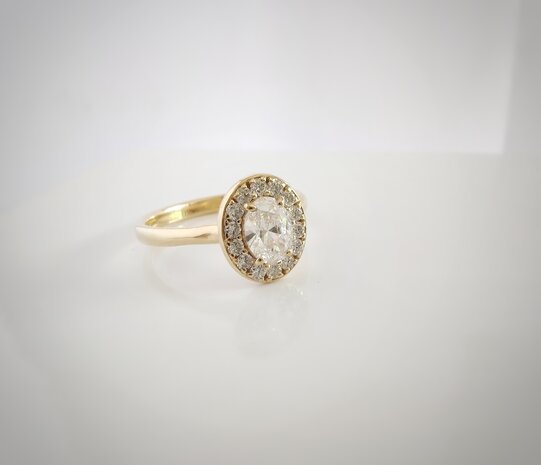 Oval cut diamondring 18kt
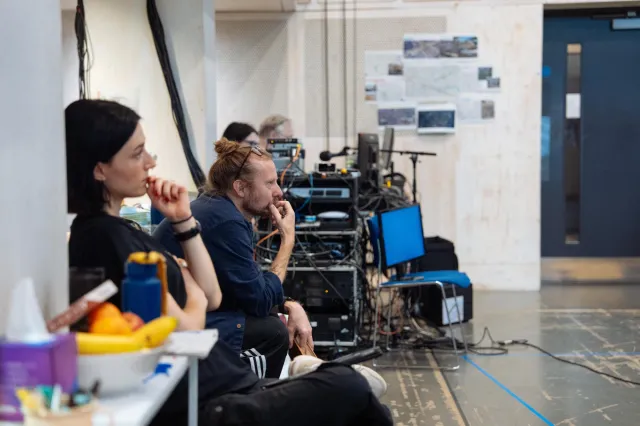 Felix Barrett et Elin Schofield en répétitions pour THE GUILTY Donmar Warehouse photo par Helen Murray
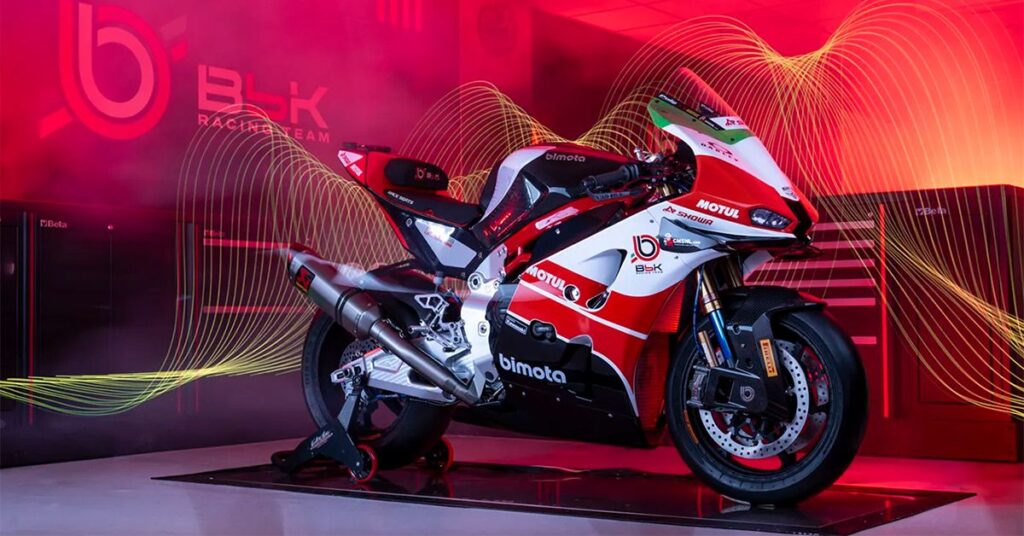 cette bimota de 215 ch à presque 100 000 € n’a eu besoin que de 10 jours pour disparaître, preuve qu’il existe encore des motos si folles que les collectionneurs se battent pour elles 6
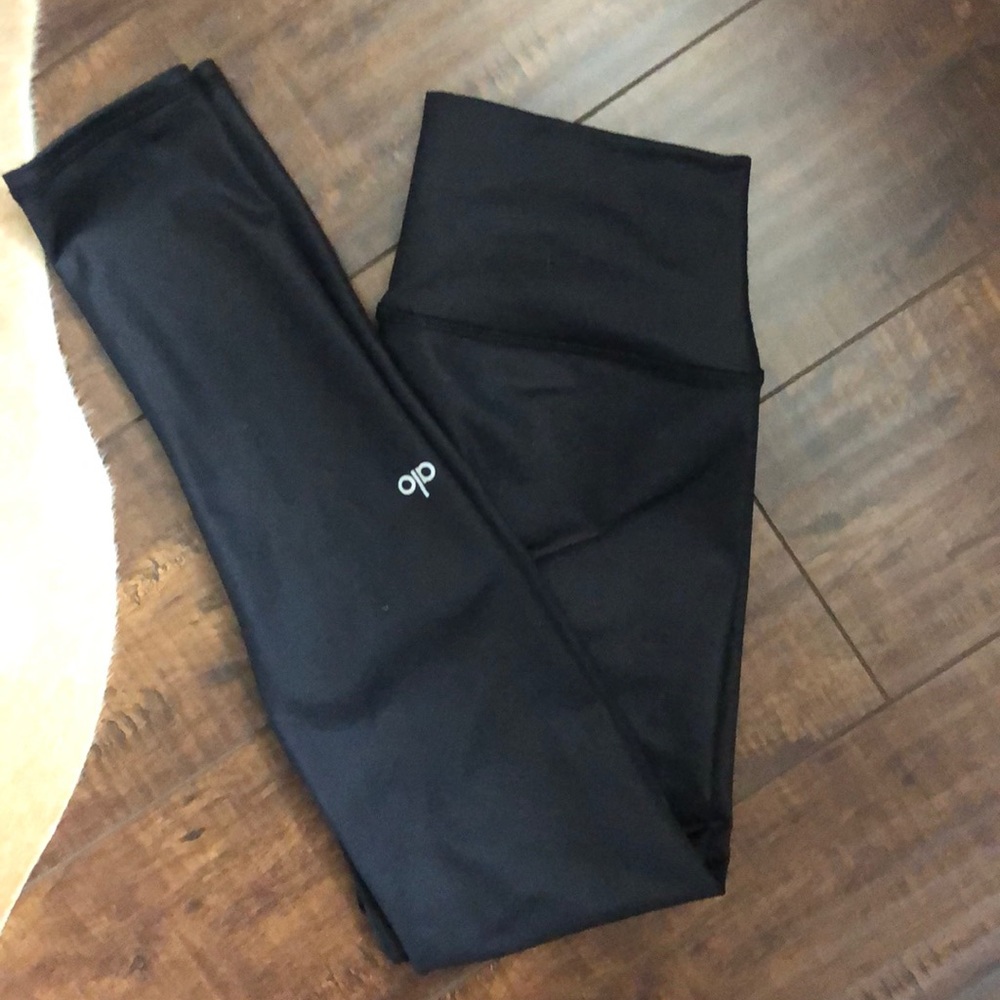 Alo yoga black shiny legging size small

» **Task objective**: The answer is to be the lines of the listing from the first through the one with "Felix Barrett et", reproduced exactly, without any pictures.

» **Output**:
 Oval cut diamondring 18kt
 Felix Barrett et Elin Schofield en répétitions pour THE GUILTY Donmar Warehouse photo par Helen Murray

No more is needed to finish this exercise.